The JSON-encoded response looks like the following:

{
  "time": 1649692883,
  "states": [
    [
      "39ad00",
      "AFR57AG ",
      "France",
      1649692879,
      1649692882,
      2.5172,
      44.9426,
      2263.14,
      false,
      100.86,
      24.08,
      10.08,
      null,
      2316.48,
      null,
      false,
      0
    ]
  ]
}

The data transmitted by the aircraft is stored in the list of states and can be decoded through the OpenSky documentation. From this you know that the aircraft was operating as Air France 57AG, that it recorded a barometric altitude of 2263.14 meters, that it had a ground speed of 100.86 meters/second and so on.

Back to my Il-76 in Tashkent, planefinder tells me that the ICAO 24 code associated with UK-76428 is 507f87. As it turns out, OpenSky doesn’t have any records of that particular airplane flying, which is, I suppose, an answer to my original question of what these planes might be up to: not much, or at least not much in the range of a receiver operated by someone participating in the OpenSky Network. But there are plenty of other planes in the sky to look at!

Tracks #

OpenSky simplifies getting a series of state vectors by providing a tracks API endpoint, and although the documentation states that this endpoint is experimental, I’ve had success in using it: https://opensky-network.org/api/tracks/?icao24=39ad00&time=1649692883.

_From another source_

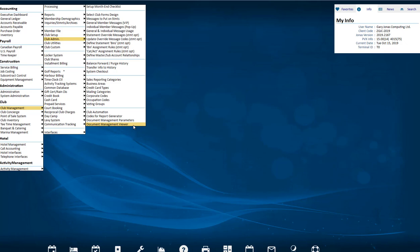To be able to see all the module's document types in a viewer, we will need to use the one located in the path Club Management, Club Admin, Document Management Viewer. This video will only demonstrate this one.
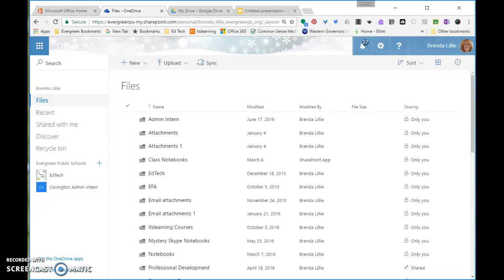Hi! So, deleting a OneNote notebook out of your OneDrive. There's actually a two-step process to this, so let's get going on the two steps.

The response to the request above will contain some basic facts about the flight, including the first and last times at which it was observed:

{
  "icao24": "39ad00",
  "callsign": "AFR57AG ",
  "startTime": 1649692883,
  "endTime": 1649696435,
  "path": [...]
}

The path element is a list of abbreviated state vectors showing the route the aircraft took on this flight. One of these vectors might look like the following:

[
  1649693075,
  45.129,
  2.631,
  3352,
  23,
  false
]

These values are the time, latitude, longitude, barometric altitude, heading and whether the aircraft is on the ground respectively.³

The one significant limitation with OpenSky is that these flight tracks are only available for flights from the last 30 days.

Flights #

The next endpoint that we’ll be using is /flights/aircraft, which lists all the flights taken by an aircraft: https://opensky-network.org/api/flights/aircraft/?icao24=39ad00&begin=1609455600&end=1609714800.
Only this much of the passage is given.